++++ EXTRACTED RECORDS ++++

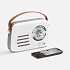 Bluetooth-колонка с радио Retronica, белая - Фото 5
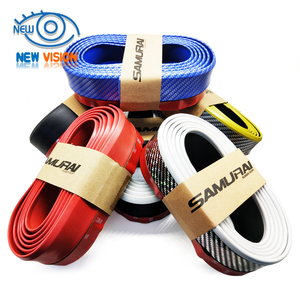 2.5m <span class=keywords><strong>voiture</strong></span> pare-chocs lèvre bande protecteurs séparateur corps Kits Spoiler pare-chocs <span class=keywords><strong>voiture</strong></span> porte pare-chocs fibre de carbone caoutchouc lèvre samouraï lèvre - Product Image 1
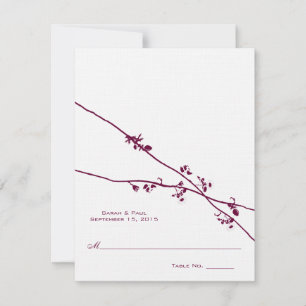 Tarjetas de lugar de boda de tienda de campaña de 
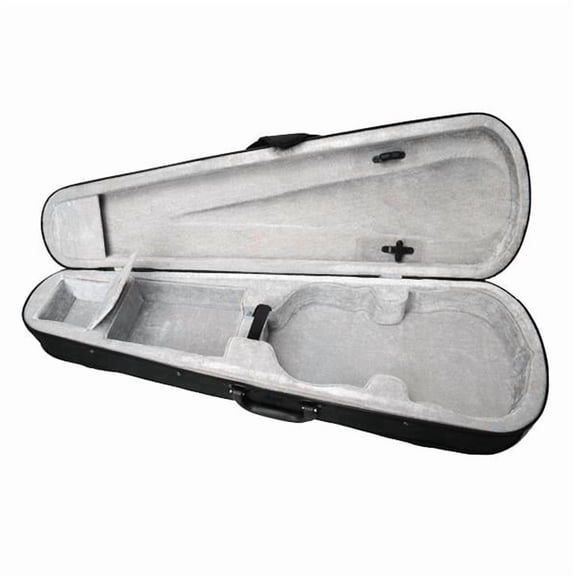 4/4 Full Size Violin Case, Professional Triangular Shape for Violin, Lightweight Portable Travel Carrying Bag with Cloth Fluff, Dual Shoulder Straps, Anti-Scratch, Black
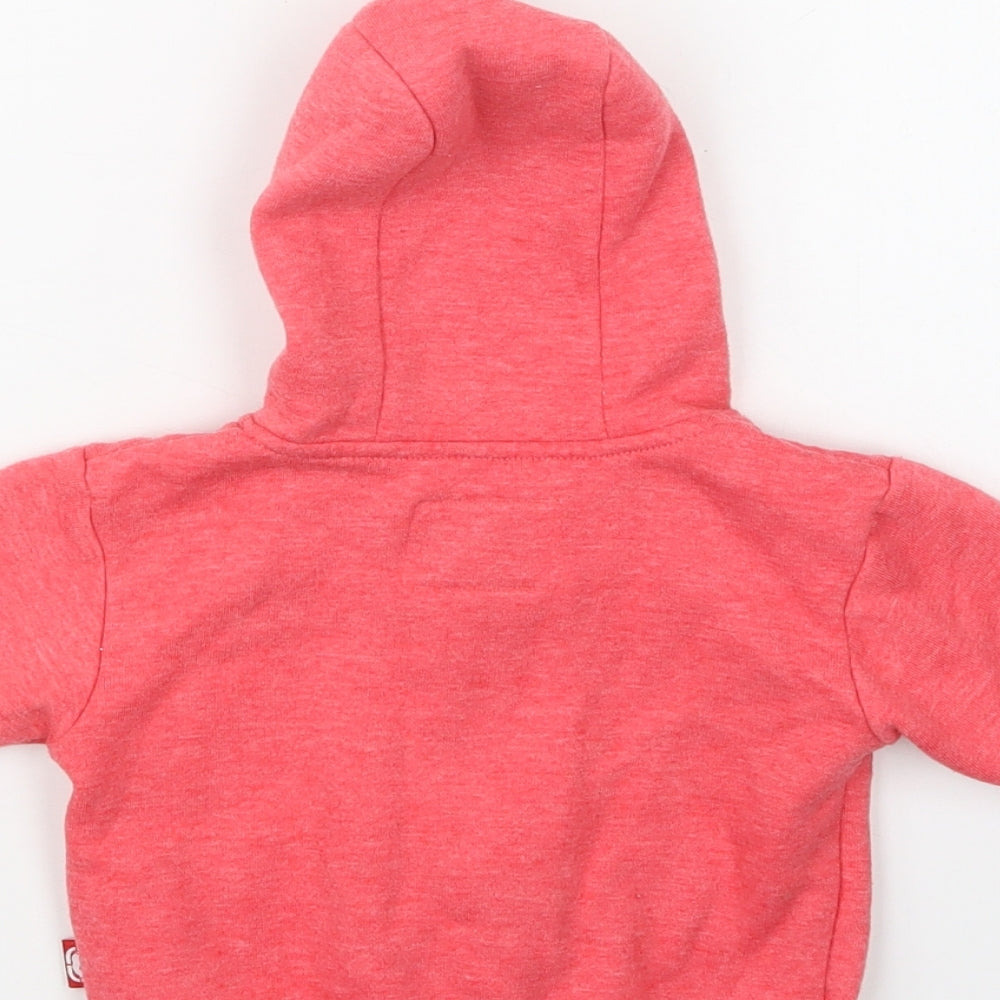 Ecko Unltd. Baby Pink  Polyester Full Zip Jumper Size 3-6 Months  Zip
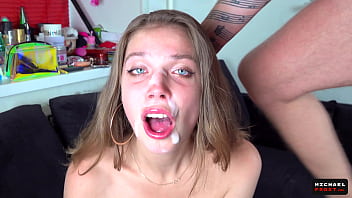 man cums in a dog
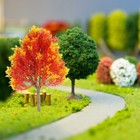  3 PCS Miniatur Herbstbaum Miniaturbaummodell Modelleisenbahnbäume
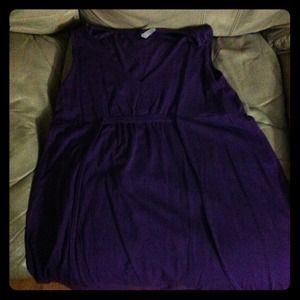 Purple old navy dress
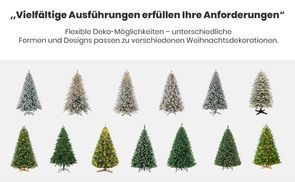 Vielfältige Ausführungen – Perfekt für jede Weihnachtsdekora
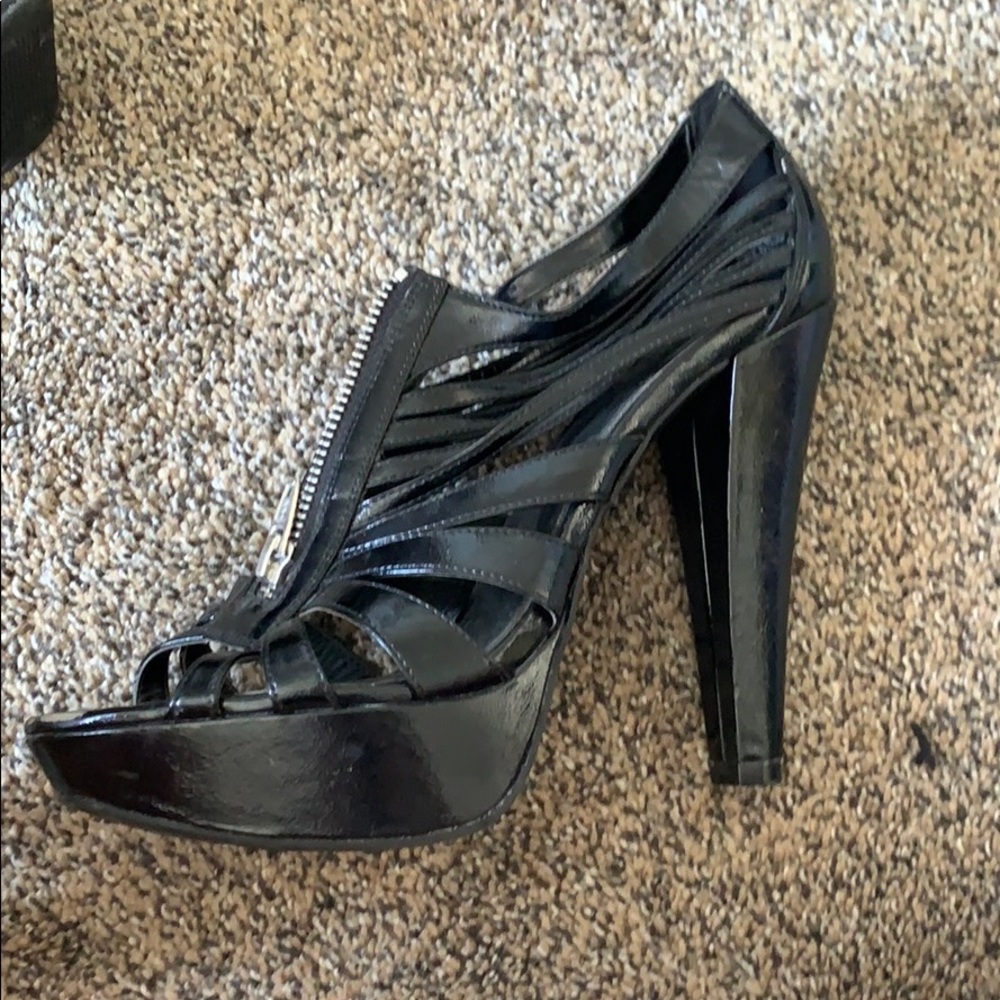 Black zip up platforms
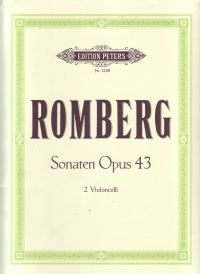 Romberg Sonatas (3) Op43 Cello Duet Sheet Music Songbook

++++

» **EXERCISE PROMPT**:
Output exactly the lines from the one that has "Purple old navy dress" through the end of the data. Do not include pictures.

» **COMPLETED TASK**:
 Purple old navy dress
 Vielfältige Ausführungen – Perfekt für jede Weihnachtsdekora
 Black zip up platforms
 Romberg Sonatas (3) Op43 Cello Duet Sheet Music Songbook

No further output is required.